_What you need to do_.
Write out the data again exactly, skipping every picture.

_Task input_.
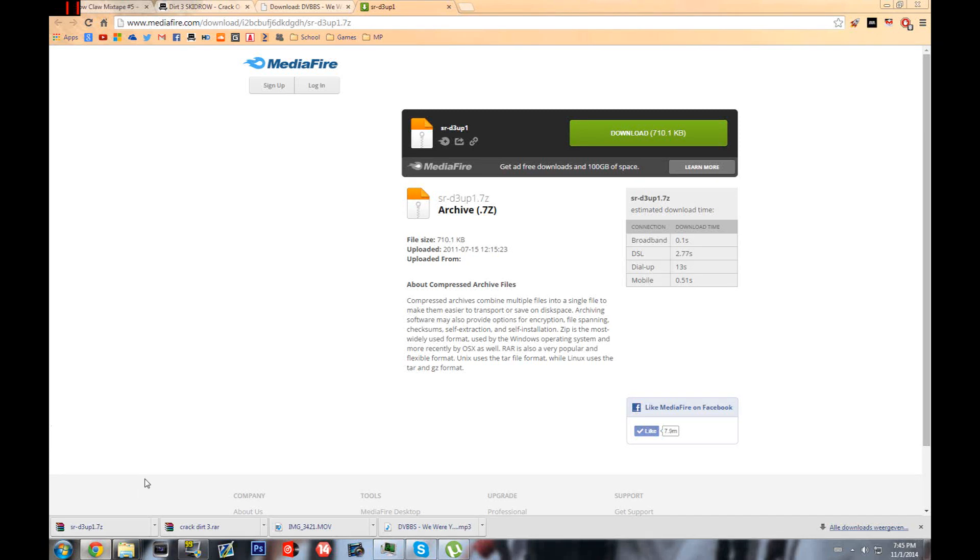Hey, what's up everybody, SporeGamersAlign here and I'm back with another tutorial. This time I'm gonna show you guys another fix for the Dirt 3 error.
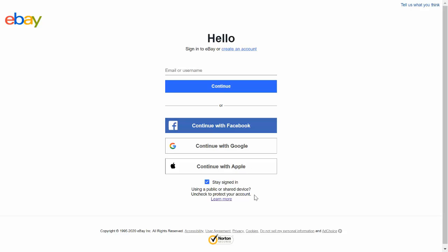The first step is this logging in process here which is just one click given that you're probably already logged in on your desktop. This first connection is essentially forming a connection between eBay and our system, so you will never need to go through this login process again. eBay will remember you after doing this the first time.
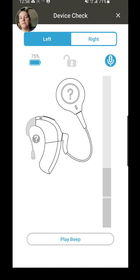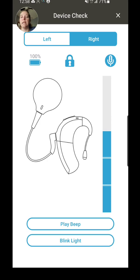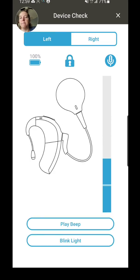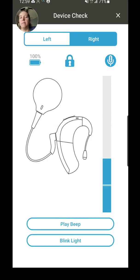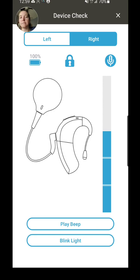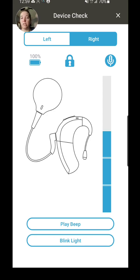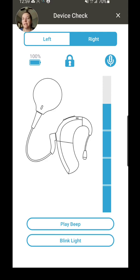And then here's the other really great aspect of this app: the Device Check. So it gives you the ability to check between left and right devices, and it will tell you whether or not it's locked or not. So you see your battery life, you also see the microphone indicator.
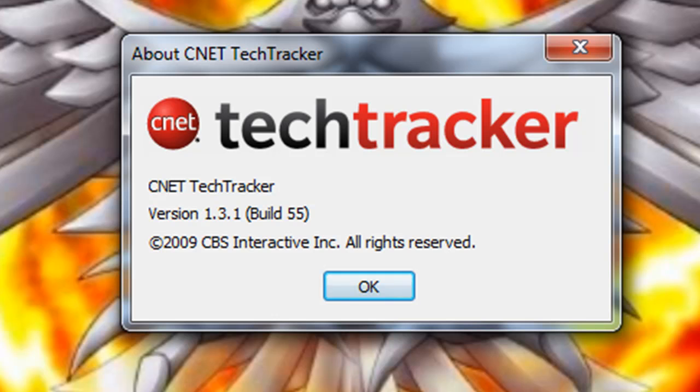Luckily there's a program like Tech Tracker here from CNET that will actually track all the programs installed on your computer, see what the current version is and if there is an update available for you. I'm going to show you how to do that here now.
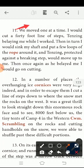We moved one at a time. I would cut a 40-foot line up steps. We had to move; I went to the top. Tensing behind me while I worked, I followed my steps, I cut my steps, then in turn.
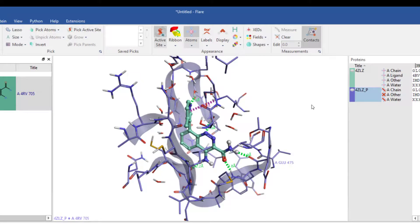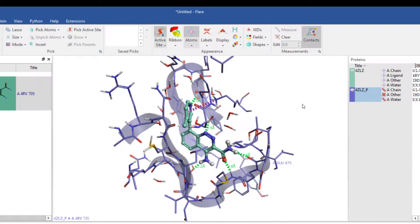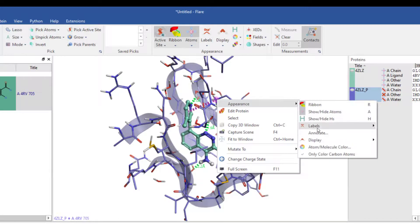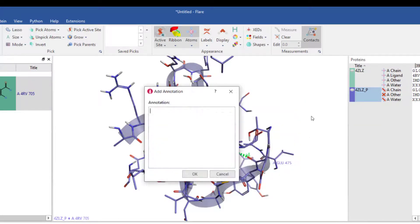Alternatively, I can annotate moieties with freeform text by selecting them, right clicking, selecting the annotate option and typing into the resultant window.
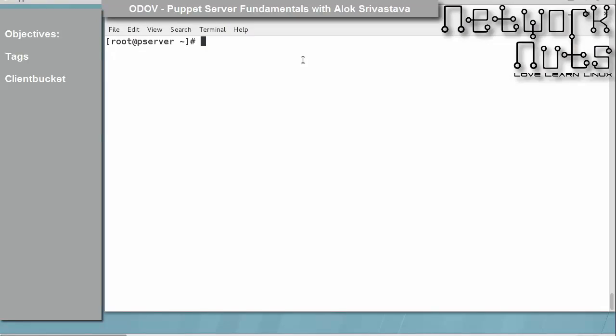Welcome back, I am Alok Srivastava. As we were discussing packages, services, and files, we talked about meta parameters in the previous session. In this session, we will be talking about tags.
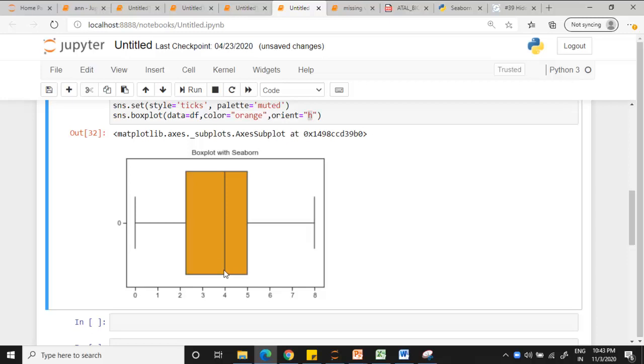So your median gets aligned here. This is third quartile. This is first quartile. Minimum value is 0. Maximum value is 8. So that is the use of that.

_Answer to this task_.
Hey, what's up everybody, SporeGamersAlign here and I'm back with another tutorial. This time I'm gonna show you guys another fix for the Dirt 3 error.
The first step is this logging in process here which is just one click given that you're probably already logged in on your desktop. This first connection is essentially forming a connection between eBay and our system, so you will never need to go through this login process again. eBay will remember you after doing this the first time.
And then here's the other really great aspect of this app: the Device Check. So it gives you the ability to check between left and right devices, and it will tell you whether or not it's locked or not. So you see your battery life, you also see the microphone indicator.
Luckily there's a program like Tech Tracker here from CNET that will actually track all the programs installed on your computer, see what the current version is and if there is an update available for you. I'm going to show you how to do that here now.
We moved one at a time. I would cut a 40-foot line up steps. We had to move; I went to the top. Tensing behind me while I worked, I followed my steps, I cut my steps, then in turn.
Alternatively, I can annotate moieties with freeform text by selecting them, right clicking, selecting the annotate option and typing into the resultant window.
Welcome back, I am Alok Srivastava. As we were discussing packages, services, and files, we talked about meta parameters in the previous session. In this session, we will be talking about tags.
So your median gets aligned here. This is third quartile. This is first quartile. Minimum value is 0. Maximum value is 8. So that is the use of that.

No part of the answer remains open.